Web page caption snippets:
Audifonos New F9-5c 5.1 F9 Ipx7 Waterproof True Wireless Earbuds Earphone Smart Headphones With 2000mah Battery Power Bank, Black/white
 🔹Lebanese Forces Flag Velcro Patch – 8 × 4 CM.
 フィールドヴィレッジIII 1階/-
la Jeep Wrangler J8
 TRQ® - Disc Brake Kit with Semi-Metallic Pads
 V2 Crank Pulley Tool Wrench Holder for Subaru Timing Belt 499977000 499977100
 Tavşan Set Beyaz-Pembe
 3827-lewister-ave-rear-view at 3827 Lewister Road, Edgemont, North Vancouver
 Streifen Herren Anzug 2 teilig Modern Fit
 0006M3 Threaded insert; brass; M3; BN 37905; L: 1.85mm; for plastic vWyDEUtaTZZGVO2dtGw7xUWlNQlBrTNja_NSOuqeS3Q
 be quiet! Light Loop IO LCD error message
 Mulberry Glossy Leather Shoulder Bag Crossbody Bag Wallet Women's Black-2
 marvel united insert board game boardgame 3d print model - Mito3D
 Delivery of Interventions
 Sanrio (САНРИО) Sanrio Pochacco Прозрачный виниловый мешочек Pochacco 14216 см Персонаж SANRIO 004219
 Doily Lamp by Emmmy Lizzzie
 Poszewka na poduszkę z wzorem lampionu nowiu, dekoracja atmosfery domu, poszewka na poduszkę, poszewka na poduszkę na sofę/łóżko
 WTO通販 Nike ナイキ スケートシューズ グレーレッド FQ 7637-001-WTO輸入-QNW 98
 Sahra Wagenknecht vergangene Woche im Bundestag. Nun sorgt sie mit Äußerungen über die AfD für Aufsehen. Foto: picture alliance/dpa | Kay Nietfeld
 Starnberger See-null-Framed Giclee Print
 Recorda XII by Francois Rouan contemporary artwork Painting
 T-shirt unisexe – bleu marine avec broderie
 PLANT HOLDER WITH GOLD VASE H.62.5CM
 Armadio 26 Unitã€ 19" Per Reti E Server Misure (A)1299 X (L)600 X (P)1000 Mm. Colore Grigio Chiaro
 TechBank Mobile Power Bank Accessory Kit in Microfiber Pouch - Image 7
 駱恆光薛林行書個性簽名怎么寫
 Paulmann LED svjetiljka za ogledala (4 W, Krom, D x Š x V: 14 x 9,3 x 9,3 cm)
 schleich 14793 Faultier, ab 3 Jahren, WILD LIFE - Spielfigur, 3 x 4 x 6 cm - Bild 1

ASSIGNED TASK ::
Every line in the records has to be written out again exactly.

SOLUTION ::
Audifonos New F9-5c 5.1 F9 Ipx7 Waterproof True Wireless Earbuds Earphone Smart Headphones With 2000mah Battery Power Bank, Black/white
 🔹Lebanese Forces Flag Velcro Patch – 8 × 4 CM.
 フィールドヴィレッジIII 1階/-
la Jeep Wrangler J8
 TRQ® - Disc Brake Kit with Semi-Metallic Pads
 V2 Crank Pulley Tool Wrench Holder for Subaru Timing Belt 499977000 499977100
 Tavşan Set Beyaz-Pembe
 3827-lewister-ave-rear-view at 3827 Lewister Road, Edgemont, North Vancouver
 Streifen Herren Anzug 2 teilig Modern Fit
 0006M3 Threaded insert; brass; M3; BN 37905; L: 1.85mm; for plastic vWyDEUtaTZZGVO2dtGw7xUWlNQlBrTNja_NSOuqeS3Q
 be quiet! Light Loop IO LCD error message
 Mulberry Glossy Leather Shoulder Bag Crossbody Bag Wallet Women's Black-2
 marvel united insert board game boardgame 3d print model - Mito3D
 Delivery of Interventions
 Sanrio (САНРИО) Sanrio Pochacco Прозрачный виниловый мешочек Pochacco 14216 см Персонаж SANRIO 004219
 Doily Lamp by Emmmy Lizzzie
 Poszewka na poduszkę z wzorem lampionu nowiu, dekoracja atmosfery domu, poszewka na poduszkę, poszewka na poduszkę na sofę/łóżko
 WTO通販 Nike ナイキ スケートシューズ グレーレッド FQ 7637-001-WTO輸入-QNW 98
 Sahra Wagenknecht vergangene Woche im Bundestag. Nun sorgt sie mit Äußerungen über die AfD für Aufsehen. Foto: picture alliance/dpa | Kay Nietfeld
 Starnberger See-null-Framed Giclee Print
 Recorda XII by Francois Rouan contemporary artwork Painting
 T-shirt unisexe – bleu marine avec broderie
 PLANT HOLDER WITH GOLD VASE H.62.5CM
 Armadio 26 Unitã€ 19" Per Reti E Server Misure (A)1299 X (L)600 X (P)1000 Mm. Colore Grigio Chiaro
 TechBank Mobile Power Bank Accessory Kit in Microfiber Pouch - Image 7
 駱恆光薛林行書個性簽名怎么寫
 Paulmann LED svjetiljka za ogledala (4 W, Krom, D x Š x V: 14 x 9,3 x 9,3 cm)
 schleich 14793 Faultier, ab 3 Jahren, WILD LIFE - Spielfigur, 3 x 4 x 6 cm - Bild 1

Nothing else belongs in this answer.